Connection Error when using Foreach loop in R

226 views Asked by At

I'm using a foreach loop to try and speed up some data processing I'm doing. I'd upload the full code, but its about 2k lines long so that doesn't seem worthwhile. Basically, I have a bunch of matrices (15 wide and 300 to 1500 long) that I need to pass through Mplus using mclust. I have a for loop which wraps around the foreach loop, which contains the mclust model fitting. Something like this:

registerDoParallel(4)

for (i in 1:10) {
 if (i==1) {data=load(file.rda)} #I've broken the data into 10 smaller chunks
 if (i==2) ...
 out <- foreach (sim=1:length(data), .packages=c('mclust','MplusAutomation')) %dopar% {
 #Proceed to fit various models in Mplus and saving the important output to a matrix as
 results[1:130] 
#this is so the thing that gets reported is the list of results I need and not a singular value. 
 }
 if (i==1) {save(out, "out.file.rda")}
 if (i==2) ... 
}

Anyway, I know the code works on smaller data batches (for instance, if I tell it to run only on the first ten in each of the datasets, it can run clean through without issue. However, when I ramp this up to running on the full dataset, I get errors like this:

Error in { : task 175 failed - "cannot open the connection"

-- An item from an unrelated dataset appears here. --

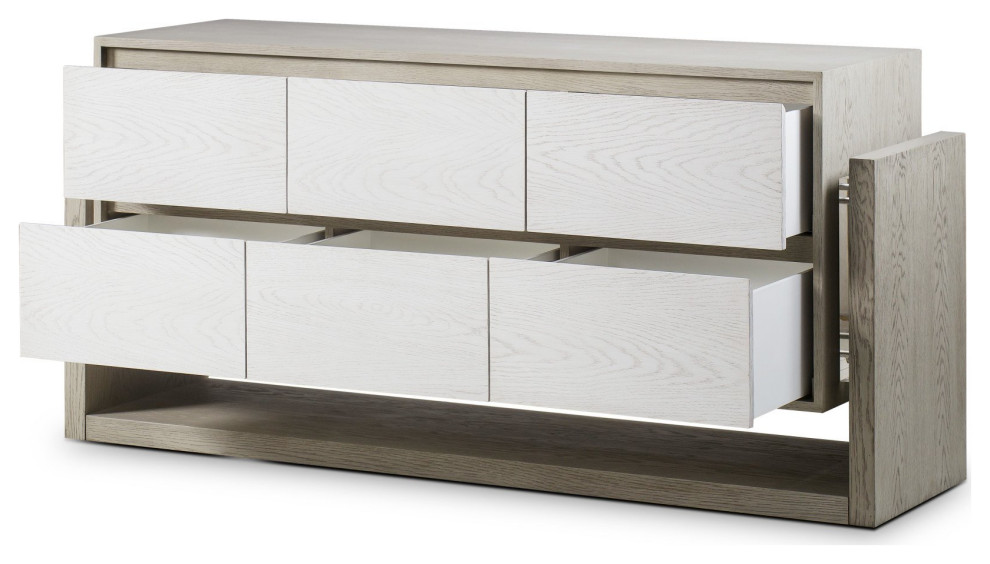 Manning Chest 6 Drawer   Transitional   Accent Chests And Cabinets   by Peachtree Fine Furniture  Houzz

It seems to happen at different points during the script, not always at the same time/place. I've tried messing with how many cores it uses (4-6), how much data it loads in at any one time (all 6.6 GB at once to 1/10th of that), I've increased the working memory (memory.limit(size=56000)), but none of these changes have allowed the code to run without error. In fact, it's never managed to complete one of the i loops through yet.

Any suggestions?

0

There are 0 answers